[Captioned web images]
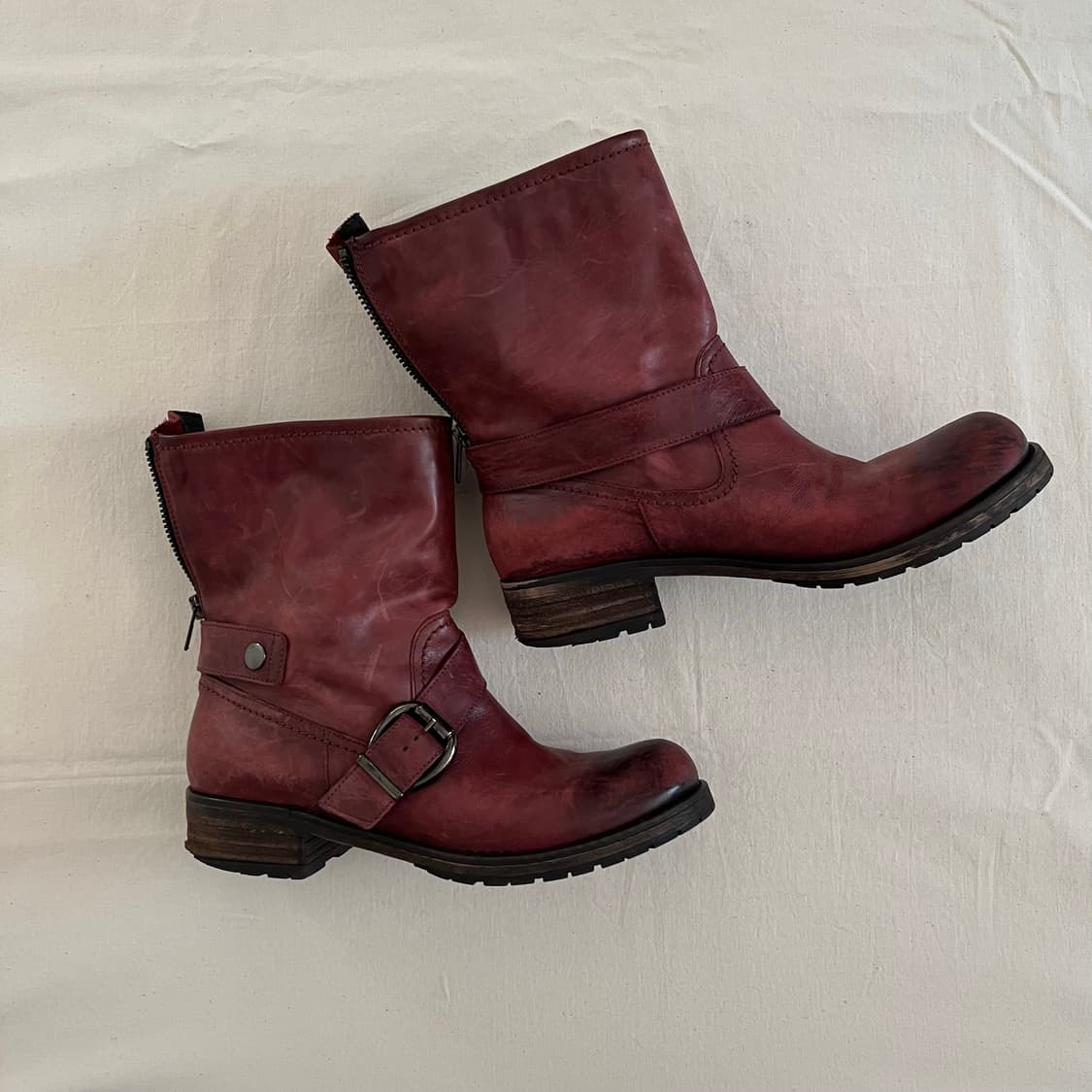 red engineer boots  상품이미지2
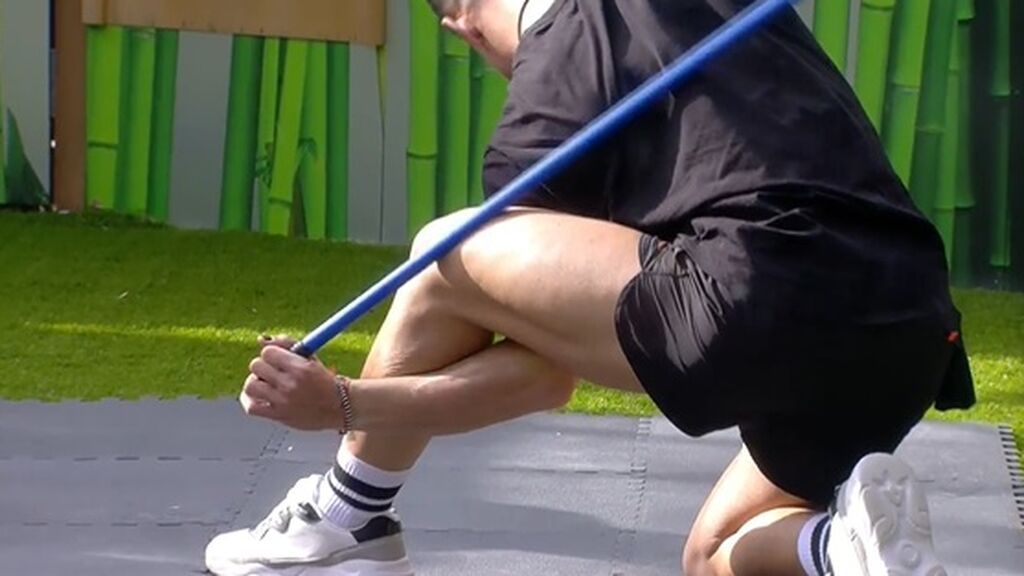 Adri consigue su reto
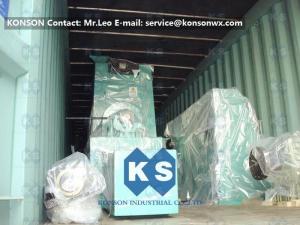 Buy cheap Automatic Hexagonal Mesh Machine 4300mm Max Width , 120x150mm Wire Mesh Size product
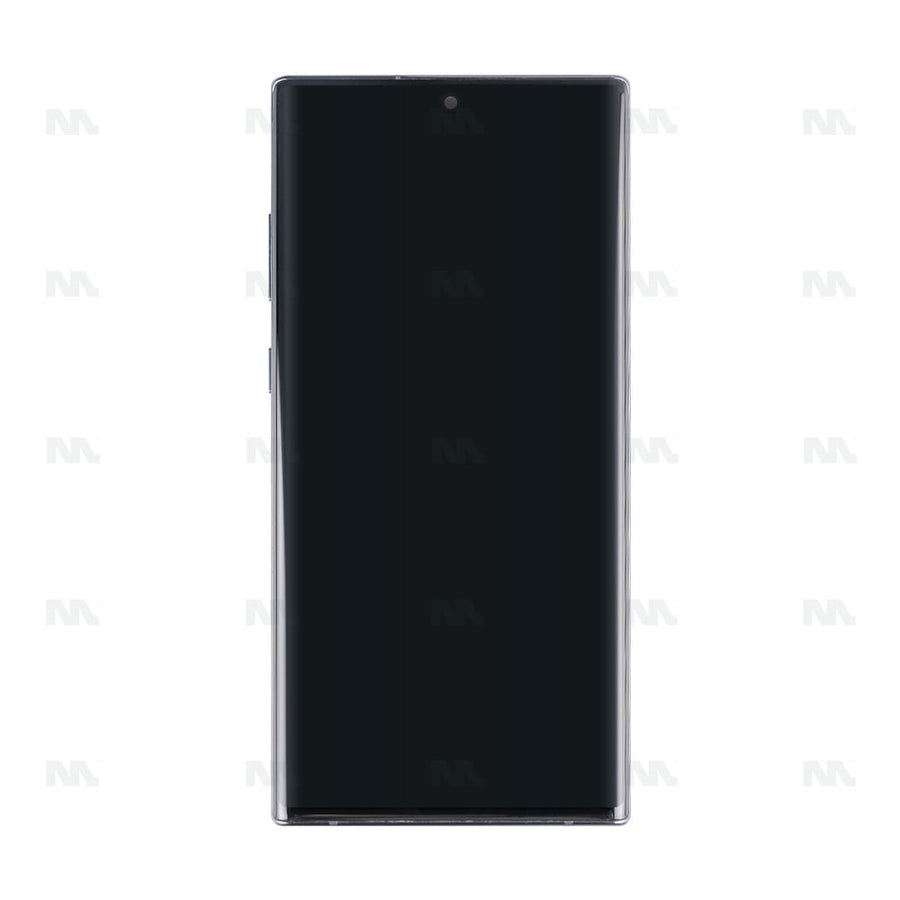 Chassis + Ecran Original Reconditionné + Vitre pour Samsung Galaxy Note 10 Plus N975F / Note 10 Plus 5G N976F - Aura Black
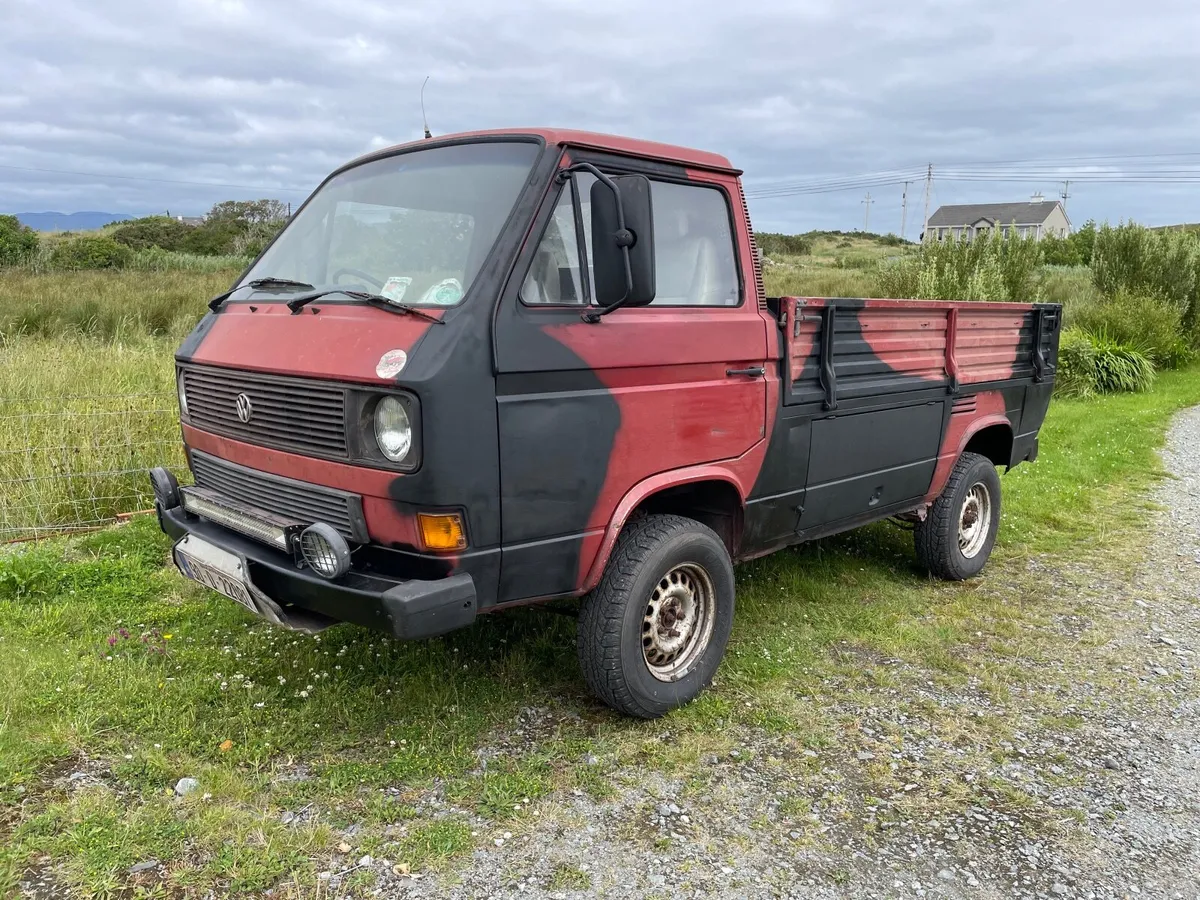 Volkswagen T3 Syncro 4x4 - Image 2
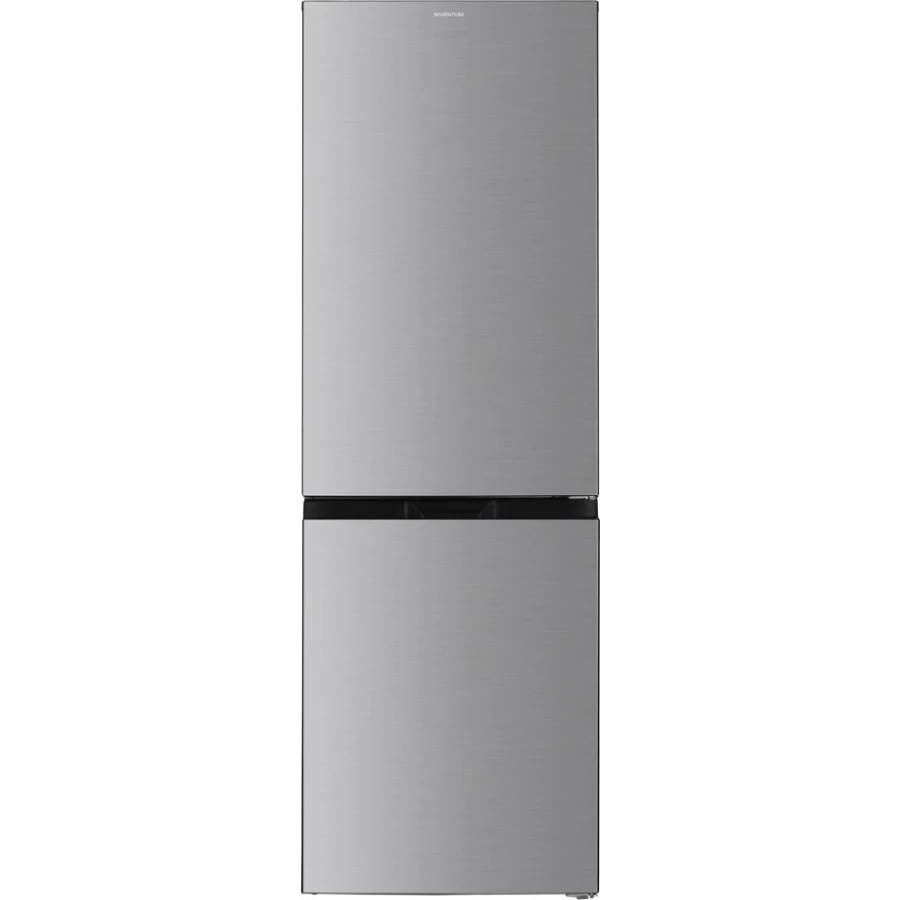 Inventum KV1840W - Koel-vriescombinatie - 184cm hoog - RVS - Afbeelding 1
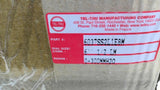 Tel-Tru 6037SS2L1E8M Pressure Gauge 6 1/2" LM 0+300MMH20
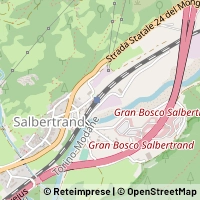 Hartă Salbertrand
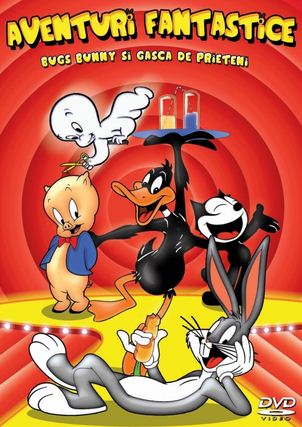 DVD Aventuri fantastice Bugs Bunny si gasca de prieteni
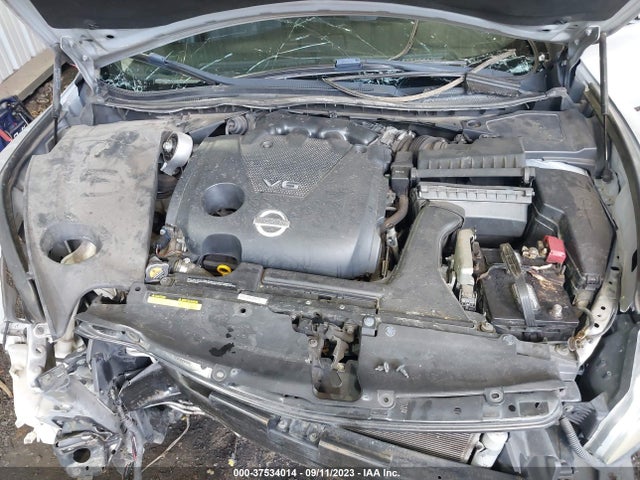 2011 NISSAN MAXIMA 3.5 SV VIN: 1N4AA5AP9BC846970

*Task to complete*. When copying the data above, repeat every word exactly and drop the pictures.

*Solution below*.
 red engineer boots  상품이미지2
 Adri consigue su reto
 Buy cheap Automatic Hexagonal Mesh Machine 4300mm Max Width , 120x150mm Wire Mesh Size product
 Chassis + Ecran Original Reconditionné + Vitre pour Samsung Galaxy Note 10 Plus N975F / Note 10 Plus 5G N976F - Aura Black
 Volkswagen T3 Syncro 4x4 - Image 2
 Inventum KV1840W - Koel-vriescombinatie - 184cm hoog - RVS - Afbeelding 1
 Tel-Tru 6037SS2L1E8M Pressure Gauge 6 1/2" LM 0+300MMH20
 Hartă Salbertrand
 DVD Aventuri fantastice Bugs Bunny si gasca de prieteni
 2011 NISSAN MAXIMA 3.5 SV VIN: 1N4AA5AP9BC846970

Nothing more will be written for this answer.